YOUR TASK: Skip all pictures; return exactly the lines from the one containing "BMW 5 E60 E61" through the end of the data.

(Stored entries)

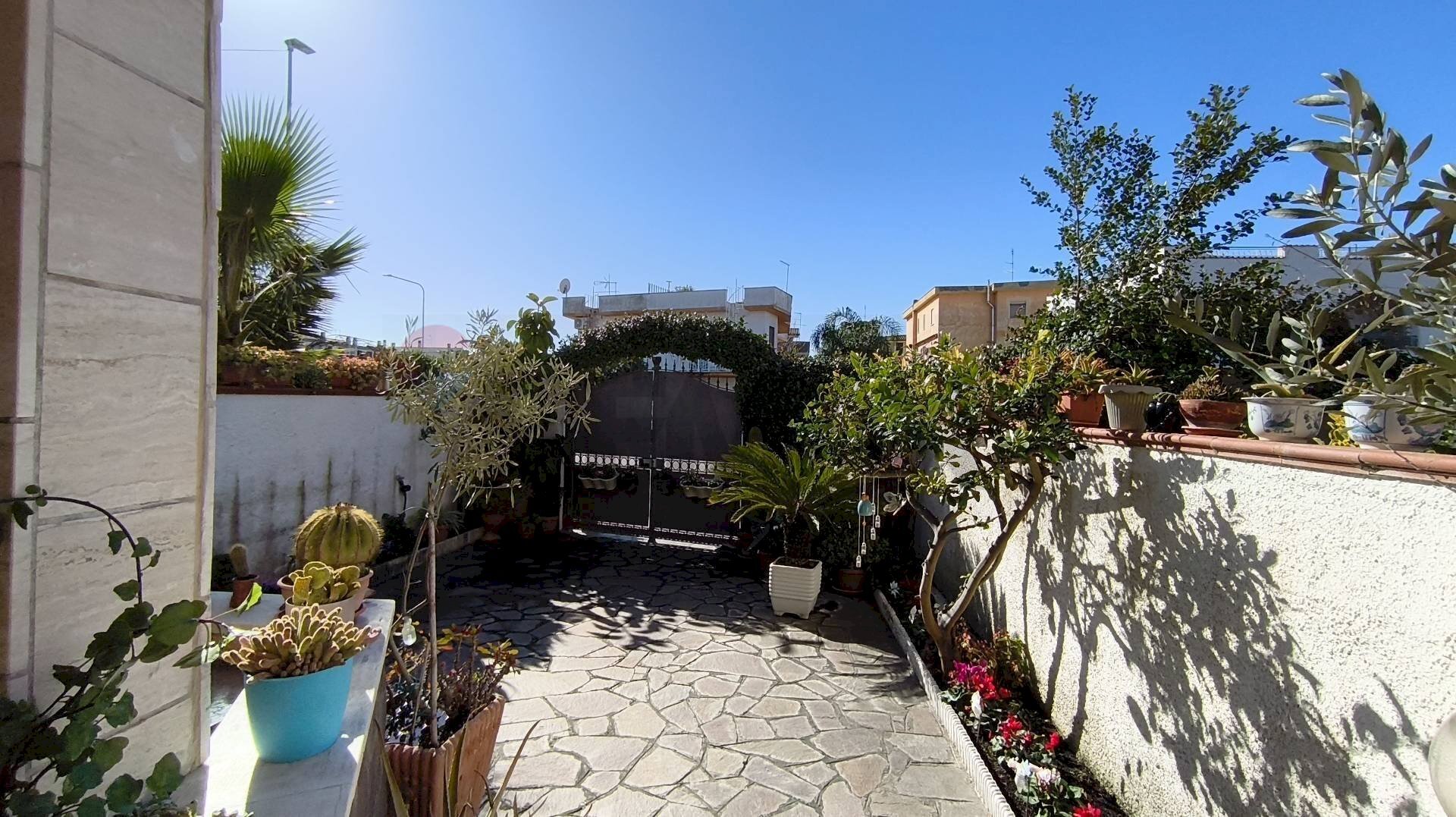 Terrazza - Villa Via Fratelli Bandiera
32B, Ladispoli - foto 2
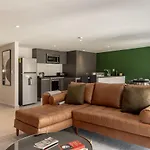 Casai Polanco Palmas
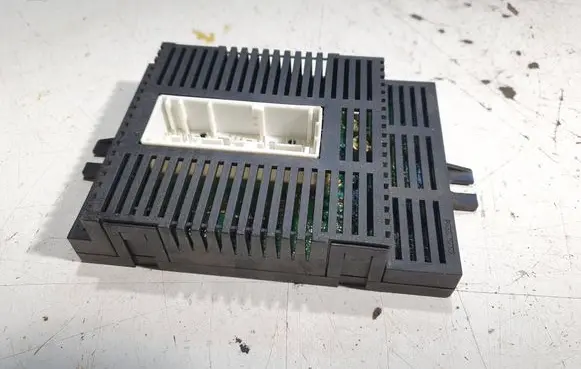 BMW 5 E60 E61 Light module LCM 9180756 1982283 532318841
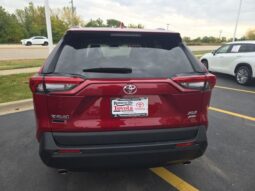 Toyota RAV4 full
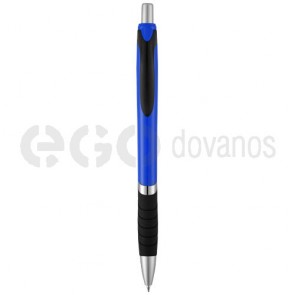 Turbo ballpoint pen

REPLY TO THE EXERCISE:
 BMW 5 E60 E61 Light module LCM 9180756 1982283 532318841
 Toyota RAV4 full
 Turbo ballpoint pen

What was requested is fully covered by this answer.